Survey: The complexity of the tax system is the main reason for Japanese investors selling off cryptocurrencies
Dec 09, 2025 14:44:14
According to BeInCrypto, a nationwide survey in Japan shows that among those who once held cryptocurrencies, 22.2% cited the complexity of the tax system as the main reason for their exit; 19.4% believed that price volatility was the primary reason. Currently, investors holding digital assets generally consider volatility (61.4%) and tax complexity (60%) as the two major challenges they face.

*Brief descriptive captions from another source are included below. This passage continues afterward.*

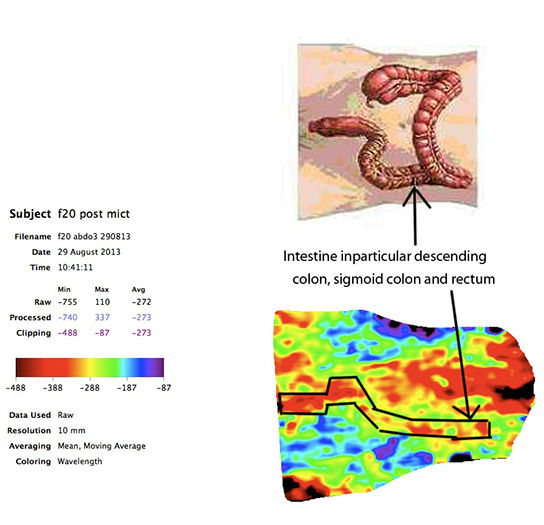 Large Intestine Scan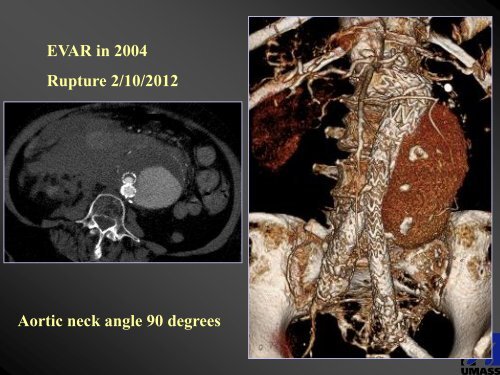 EVAR Instructions for Use (IFU): What They Mean ... - VascularWeb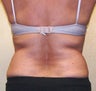VASER Shape fo Back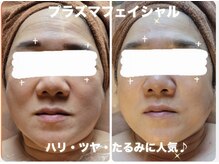 Ｎｅｗマシーン，プラズマフェイシャルあらゆる肌悩みに対応！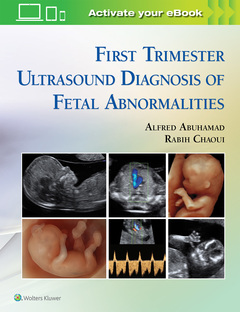 Couverture de l’ouvrage First Trimester Ultrasound Diagnosis of Fetal Abnormalities
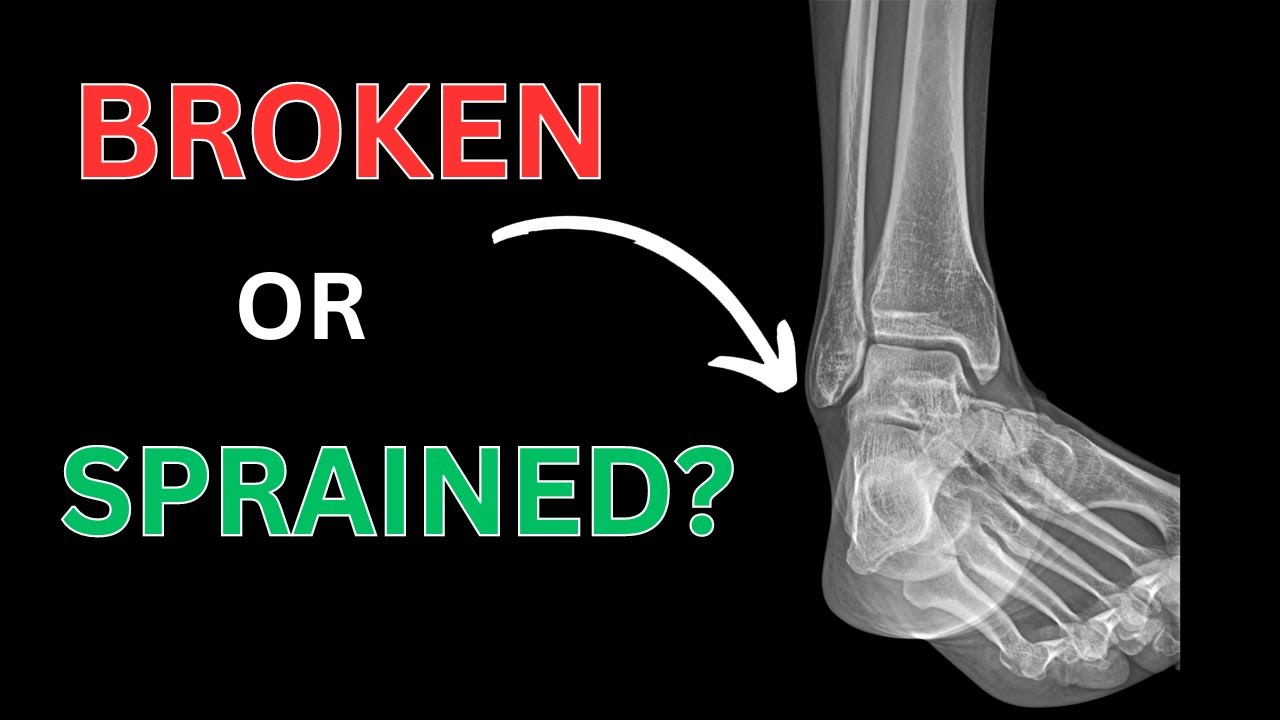 Are you walking on a broken ankle? When to get xrays after a sprain!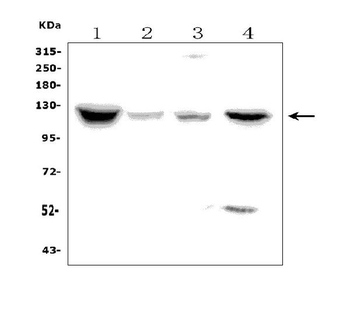 Anti-Natriuretic Peptide Receptor A/GC-A/NPR1 Antibody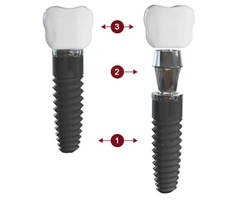 dental-implants-41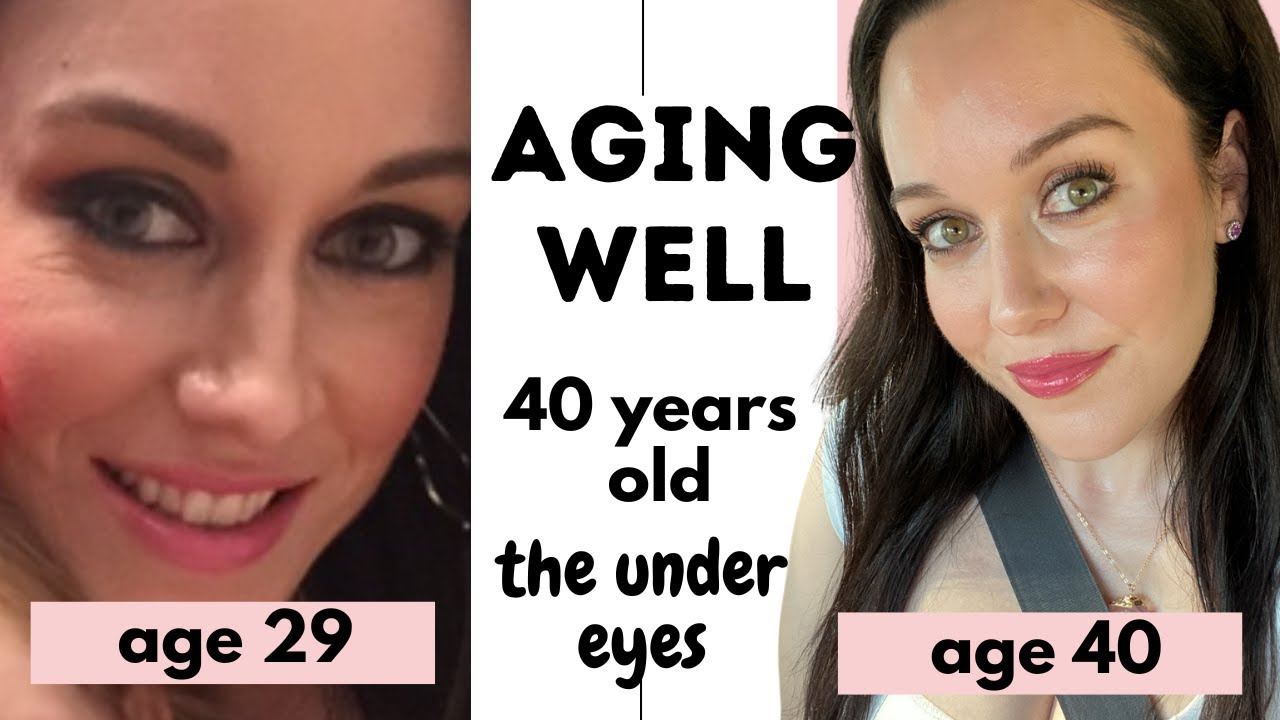 Aging Backwards/Aging Well- The under eye area- 40 years old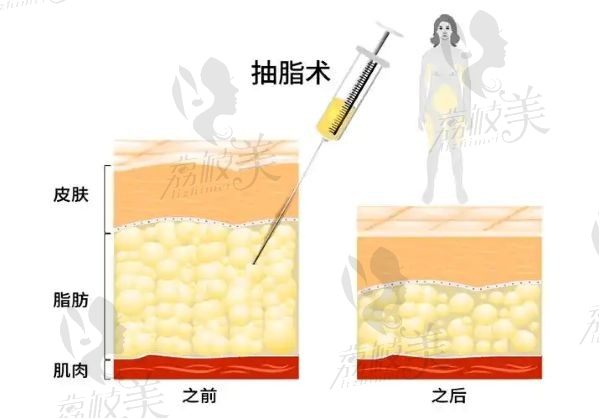 找成都李发展抽脂的人都说了啥？真实患者评价汇总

The report states that in Japan, cryptocurrency gains are classified as "miscellaneous income," with tax rates reaching up to 55% after local taxes are paid. Investors must track every transaction, calculate gains and losses in yen, and report annually. For many, this cumbersome administrative work outweighs investment returns—despite 62.7% of investors stating that long-term wealth accumulation is their main reason for investing, while only 15.1% prioritize short-term speculation.
Additionally, reports indicate that the Financial Services Agency of Japan plans to reclassify 105 types of cryptocurrencies as financial products and reduce the maximum tax rate on cryptocurrency gains from as high as 55% to 20%, aligning it with stock market tax policies. This reform proposal is expected to be submitted to the Diet for legislative review in 2026.